Timesin.id, Pangkalpinang – Gelombang kekecewaan masyarakat Kota Pangkalpinang kian menyeruak pasca aksi demonstrasi yang berakhir ricuh di kantor pusat PT Timah Tbk, Senin (6/10/2025).
Aksi yang semula diklaim sebagai bentuk penyampaian aspirasi damai oleh *Aliansi Tambang Rakyat Bersatu (ATB)* dan **Aliansi Masyarakat Terzolimi (Almaster) Babel* itu justru berubah menjadi anarkis.

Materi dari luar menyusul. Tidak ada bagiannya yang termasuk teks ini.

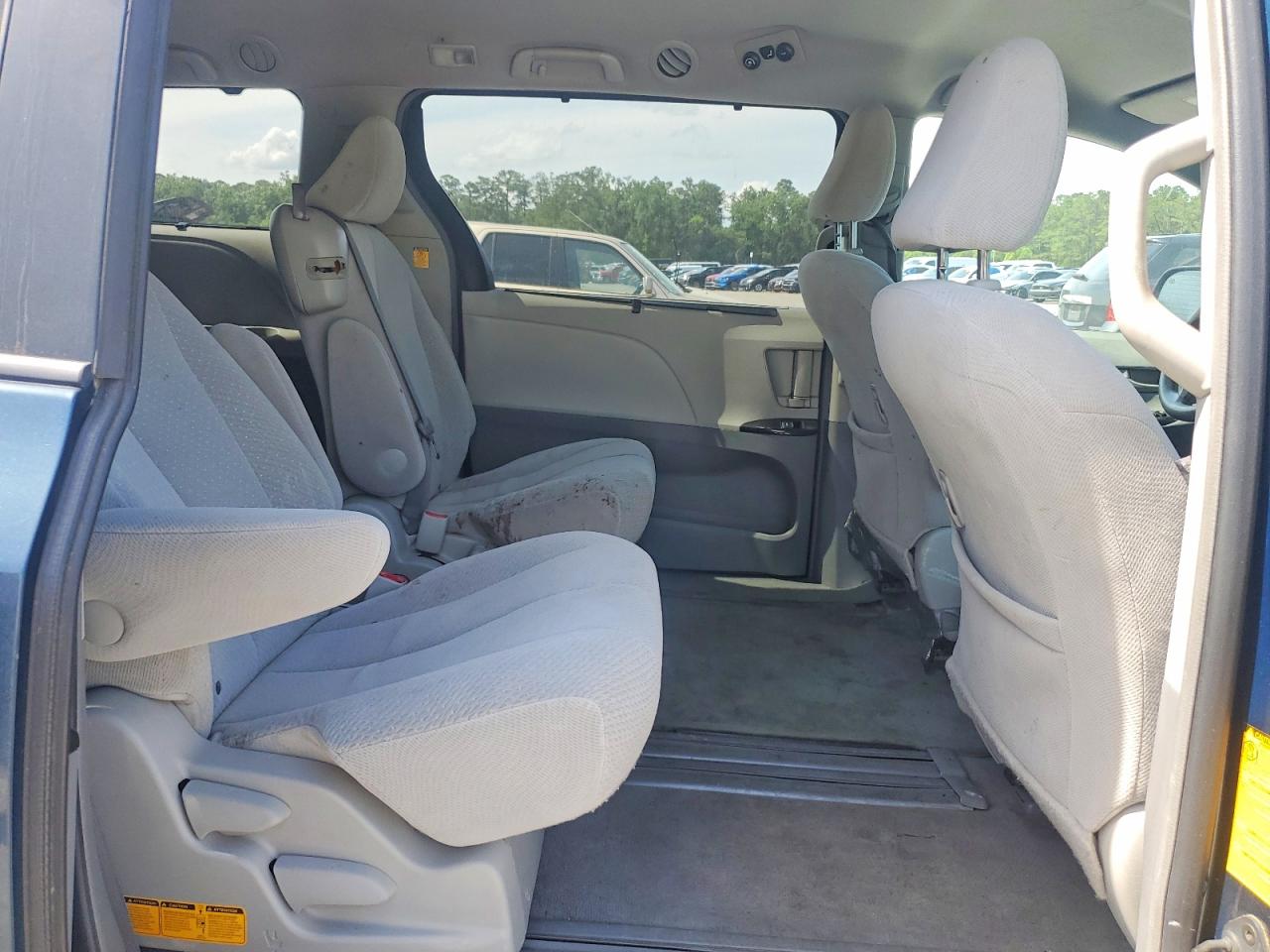 2011 Toyota Sienna Le Blue vin: 5TDKK3DCXBS025139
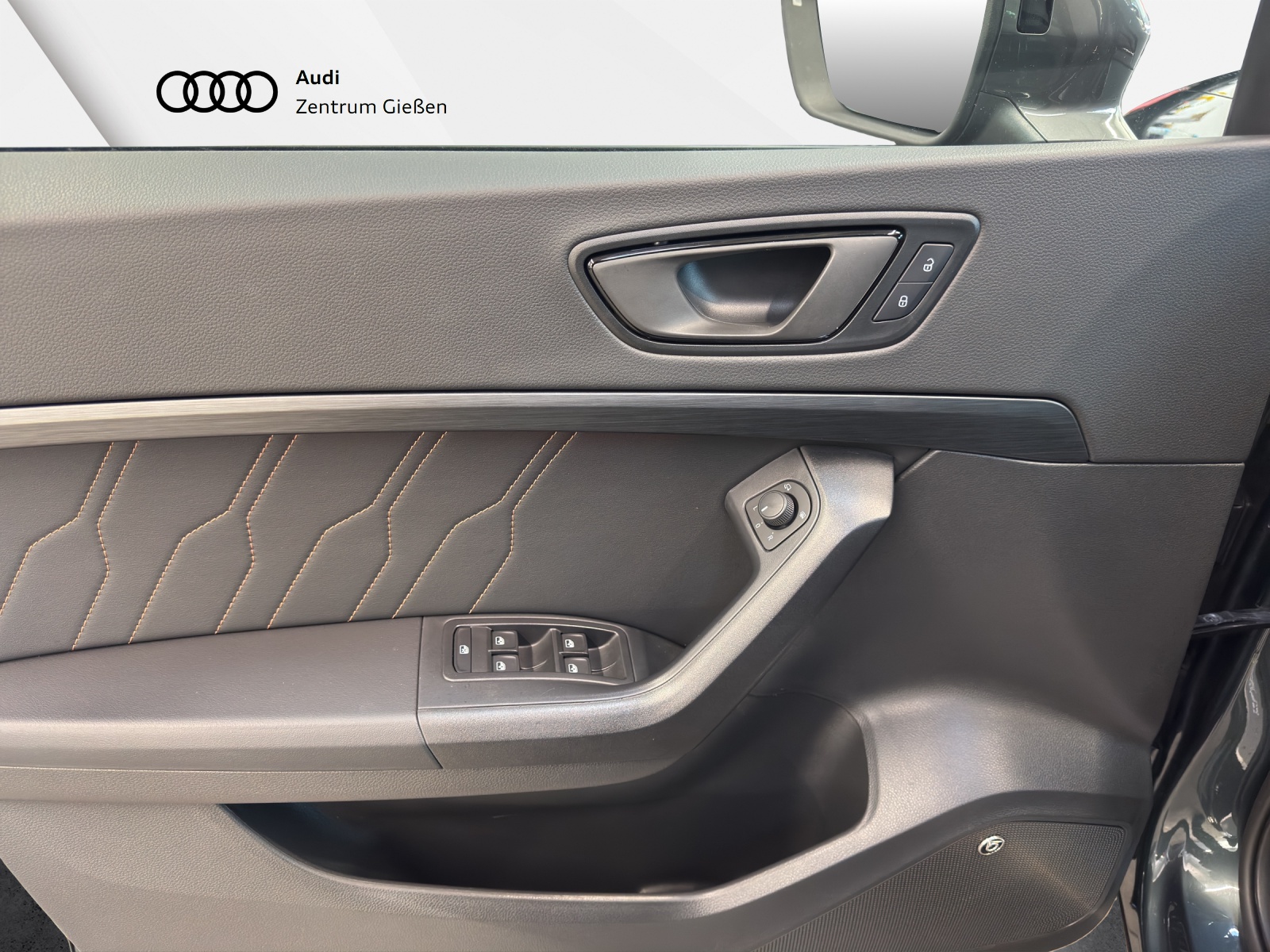 Ateca 2.0 TSI DSG 4Drive VZ Akrapovic AHK BEATS ACC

Oknum massa dilaporkan merusak pagar, menghancurkan ruang lobi dan ruang kerja karyawan, hingga merusak pot bunga dan taman hias yang mempercantik jalan utama kawasan kota Pangkalpinang. Tentu tindakan itu memicu kemarahan publik.
ADVERTISEMENT

SCROLL TO RESUME CONTENT
Melalui *Aliansi Pemuda Pangkalpinang (APP)*, masyarakat menyuarakan desakan agar kepolisian, terutama *Kapolda Kepulauan Bangka Belitung*, segera bertindak tegas terhadap para pelaku perusakan.
> “Kami, Aliansi Pemuda PKP, mewakili masyarakat Pangkalpinang meminta polisi mengusut tuntas perusakan fasilitas umum yang dilakukan oknum massa anarkis kemarin. Menyampaikan aspirasi boleh, tapi tidak dengan cara merusak,” tegas **Salman Ahda Ferdian**, Ketua APP, kepada wartawan jejaring media KBO, Selasa (7/10/2025).
Salman menilai, aksi brutal tersebut bukan hanya melanggar norma sosial, tetapi juga *bertentangan dengan hukum positif* yang berlaku di Indonesia.
Menurutnya, tindakan itu dapat dijerat dengan *Pasal 406 KUHP*, yang menyebut:
> “Barang siapa dengan sengaja dan melawan hukum menghancurkan, merusak, membuat tidak dapat dipakai, atau menghilangkan barang sesuatu yang seluruhnya atau sebagian milik orang lain, diancam dengan pidana penjara paling lama dua tahun delapan bulan.”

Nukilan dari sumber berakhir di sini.